Kurt Elster: Yeah. The same results that you get with a store selling graphic t-shirts will be very different from a store that sells power tools, than a store that sells furniture, than a store that sells $40 Horween Leather bracelets.

Nick Disabato: Right, right. Yeah. And that’s why I tell people like, “Oh, I could position to a certain industry or certain type of client,” but even within food, which I’ve been doing most of my work in in the past two years, they’re all so radically different. They have different kinds of customers. Who is the customer? It’s not what you think. You are not the customer and I think people just don’t understand that. CEOs want to believe that a carbon copy of themself is pressing the checkout button with the same values, hopes, and dreams, and nothing could be further from the truth. So, how do you-

Kurt Elster: Earlier, you mentioned that a pitfall, a stumbling block for a lot of people and teams is cognitive biases, which if you understand cognitive biases it really opens up your world and thinking and decision making. You mentioned they think, “Ah. I set up the site. This is how I shop, therefore that is how we make decisions.” And I believe that’s spotlight effect, you just assume that like your view… Maybe not spotlight effect but something similar.
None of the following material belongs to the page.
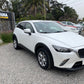 MAZDA CX-3 SKYACTIVE AUT 2018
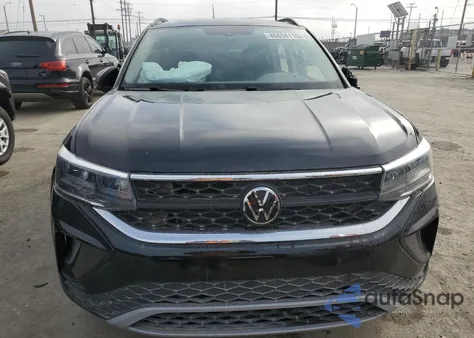 2023 Volkswagen Taos S from USA, damaged, VIN 3VVCX7B25PM377853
Nick Disabato: Yeah. Spotlight effect, or it could be some form of confirmation bias because you created your own world view, and you’re trying to backfill. That would be what happens if you take research and you just use it to confirm your previous existing world view, right? But you know, people… I think also they just want design to be a great deal easier than it actually is, and they think it’s a veneer on something, or a series of tools and hacks that they can rip off, and I view it as a process and a perspective, and something far more deeply functional and communicative than what your branding is or what your layout even is.

And I’ve come to realize that over, again, decades of being in this industry. It’s never just the typography. It’s always something further.

Kurt Elster: And so, without a doubt you are a designer with a capital D, and a thing I’ve heard you say, I saw you tweet it; I saw it in your newsletter, design as a practice is incorrectly perceived in DTC. DTC being direct-to-consumer eCommerce.

Nick Disabato: Yes, yes. I wrote a big angry Twitter thread recently, which hopefully will be linked in the show notes, where I basically talked about some of the things that are kind of structurally busted in DTC, at least in the terms of the way that they perceive design. But I come from a very foreign planet called the tech industry. They think about design I think in a very different way than a lot of direct-to-consumer companies do. When they think of design, they’re thinking of usually the process and the systems by which they can make confident decisions that make things easier to use and make things more pleasurable for people and create value for people, right?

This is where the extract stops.